Change default behavior of output mapping of tasks

BerndRuecker · March 21, 2018, 12:26pm

Hey guys.

We should change the default behavior or data flow on output mappings. The typical usage is that a task provides additional data, so the data handed in should be merged with the existing data. This is the behavior we also know from the Map in Camunda BPM 7. This is pretty intuitive and allows to work without data mappings for most use cases.

The current default (0.7.0) is that the payload is overwritten if you hand in data on completion of a task. This is seldom what you want to have in my current understanding of the use cases.

In the example I currently do it requires a lot of dumb mappings, as every task adds at least one attribute to the payload. But then I have to do a lot of these things:

<zeebe:output source="$.pickId" target="$.pickId" />

It is especially annoying as I have to know the names of the attributes now in the BPMN.xml - I shouldn’t (in my case).

When I checked an example Ryan is currently doing I saw the same for basically each and every service task:

So my vote is clear to change this behavior asap - or a least provide a configuration attribute to allow a simple JSON merge much easier (and check it by default in the modeler :-)).

WDYT?

Cheers
Bernd

thorben · March 21, 2018, 4:47pm

Hi Bernd,

The way we intended this case to work (i.e. default input mapping and updating some parts of the payload) is that you would submit the entire payload on task completion, not just the parts you change. Then the broker doesn’t have to do any merging which we gives the best performance.

Whenever you send an update to the broker that is not self-contained (i.e. only a delta of changes), then the broker has to go back in the log stream and find the latest version of the event, merge it with the changes and write that to the end of the stream. When you have a self-contained update, then all the broker has to do is append it to the stream. So merging is rather inefficient and throws away some of the benefits of the stream processing model. That’s why we try to keep these situations to the minimum and want to have default behavior that avoids those situations. That’s also why the task completion by ID topic is not an easy one.

Cheers,
Thorben

ryan · March 21, 2018, 7:51pm

Thorben’s comments notwithstanding, I do agree with Bernd that it would be nice to be able to easily specify that we simply want to merge the new data with the existing data that already exists in the workflow instance. Moreover, I would tend to agree that a simple checkbox labeled “Merge” (or something like that) would be intuitive.

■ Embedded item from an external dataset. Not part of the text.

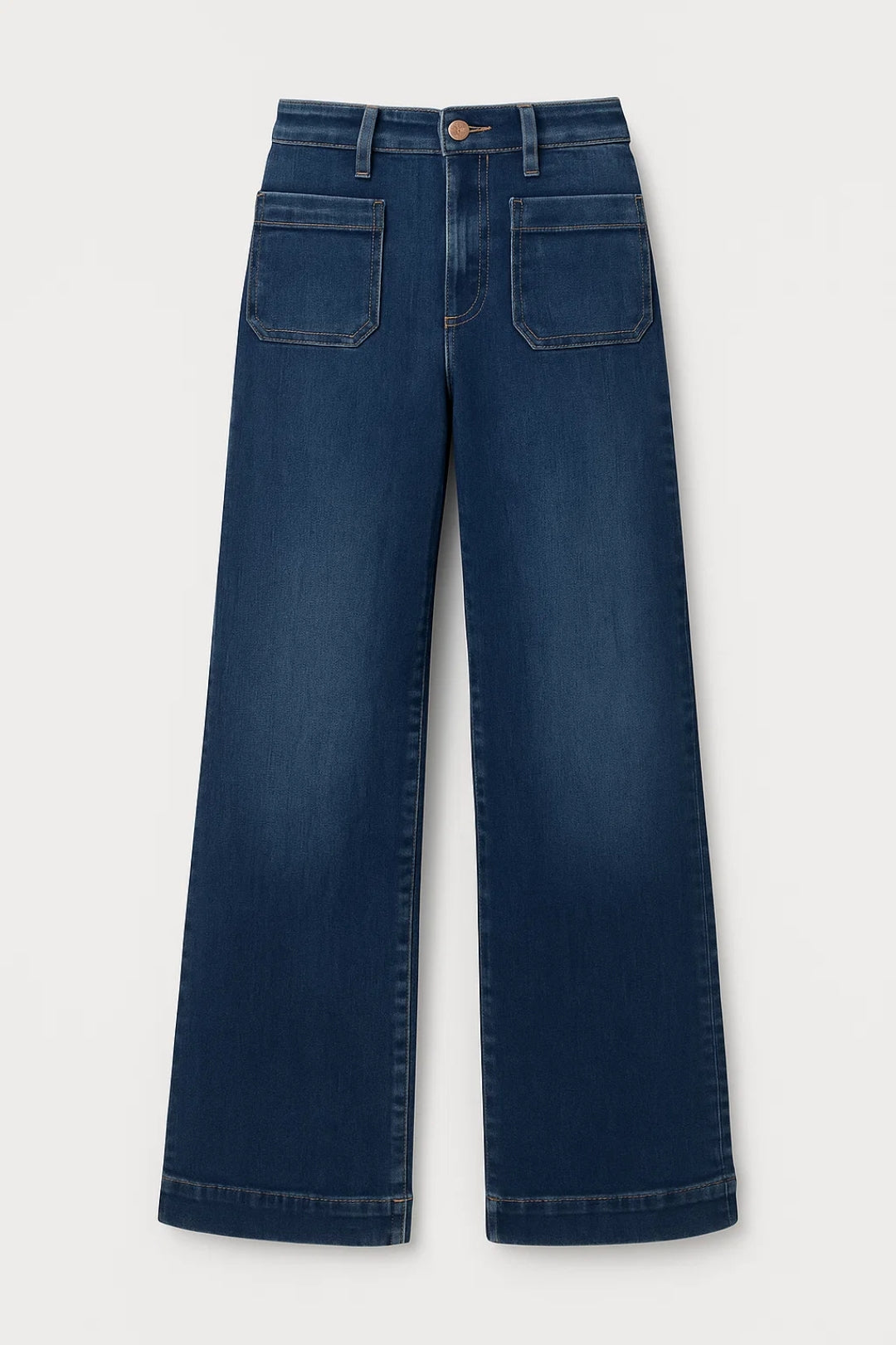 Hoge Waist Jeans Rechte Pijpen met Opgestikte Zakken Comfortabel Casual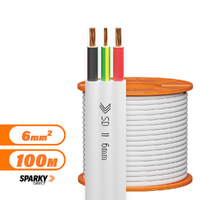 6mm Twin & Earth Flat Cable | Pvc / Pvc 100mtrs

Now, given Thorben’s follow-up comments above, maybe the checkbox should be deselected by default, and we should put a comment in the documentation indicating that the use of the merge feature will slow down the performance of Zeebe slightly (or perhaps more than slightly - that would be a question for Thorben and the core development team ).

-Ryan

Philipp_Ossler · March 22, 2018, 7:21am

Hi,

there is also a simple way to merge the complete task output with the workflow payload. If you define the output mapping

$ -> $.result

then it adds the complete task payload to the workflow payload under the key “result”.

Maybe this helps

Best regards,
Philipp

BerndRuecker · March 22, 2018, 7:47am

Hey guys.

Thanks for the quick feedback!

I think that a performance gain which will be leveraged by probably 5% of our users (or less) should not result in the other 95% of the users suffer from avoidable complexity when designing their workflows (which also increases learning curve, questions in the forum, support cases, consulting effort, …). Personally I would prefer to have that default of merging everything, but a checkbox to suppress it. In the docs we can make a clear statement that if you want to optimize for performance you should do the data flow like Thorben just described. This way we make it possible but the 5% of the performance users have to learn about it, all others can simply ignore this. Maybe that can be highlighted boldly in the docs - probably also in other places as I can imagine there are some more design decisions which differ for “normal folks” and high performance scenarios.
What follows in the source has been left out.